Task item — A faithful copy of all the data is required; pictures should not be included.

Recorded data —
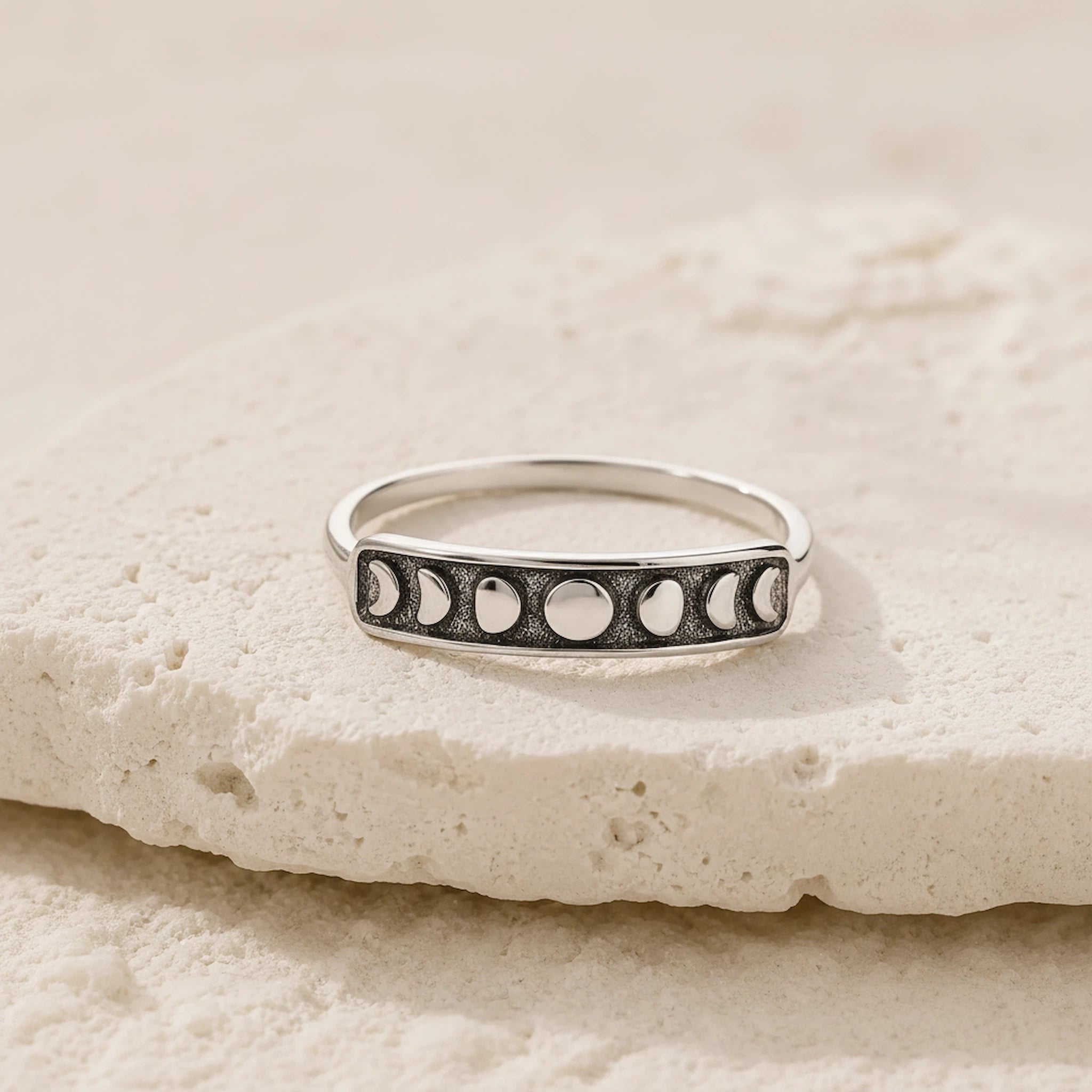 A silver band ring featuring a row of moon phase motifs, resting on a textured beige stone slab.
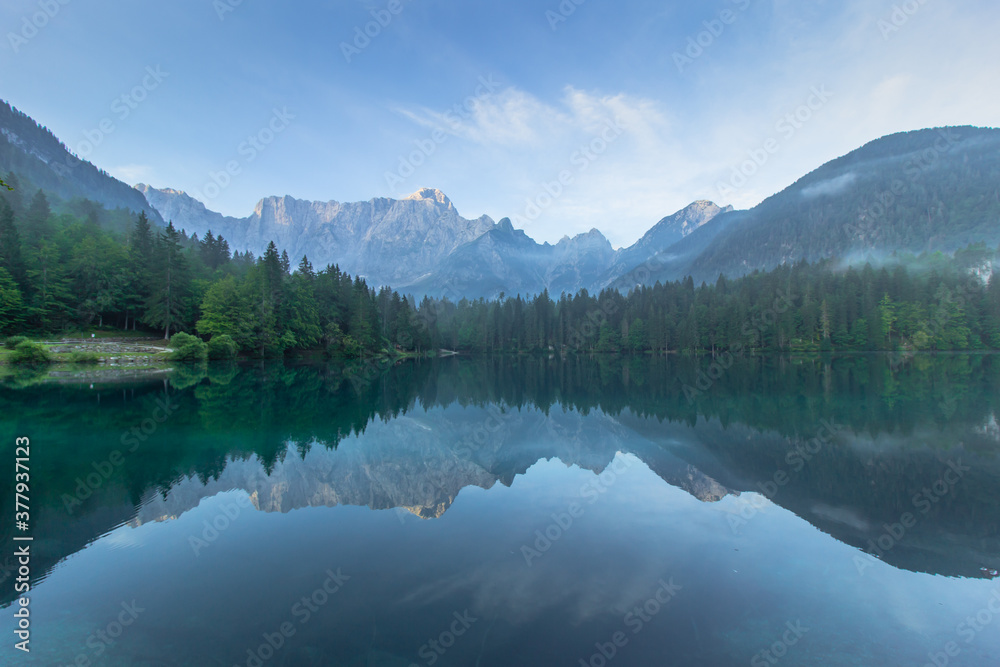 Mirror reflection in Lago di Fusine, Italy. Summer spring colors and Mangart mountain in the background at sunrise in Italien Alps.Beautiful peaceful nature scenery,turquoise water,travel background.
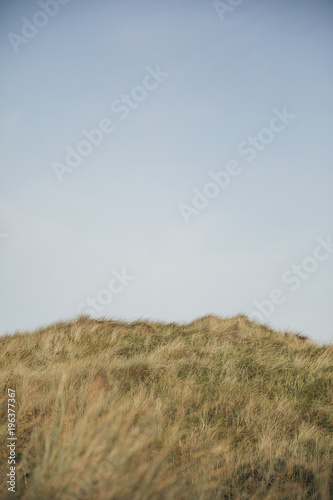 Sand Dune Against a Blue Sky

Reply to the task —
 A silver band ring featuring a row of moon phase motifs, resting on a textured beige stone slab.
 Mirror reflection in Lago di Fusine, Italy. Summer spring colors and Mangart mountain in the background at sunrise in Italien Alps.Beautiful peaceful nature scenery,turquoise water,travel background.
 Sand Dune Against a Blue Sky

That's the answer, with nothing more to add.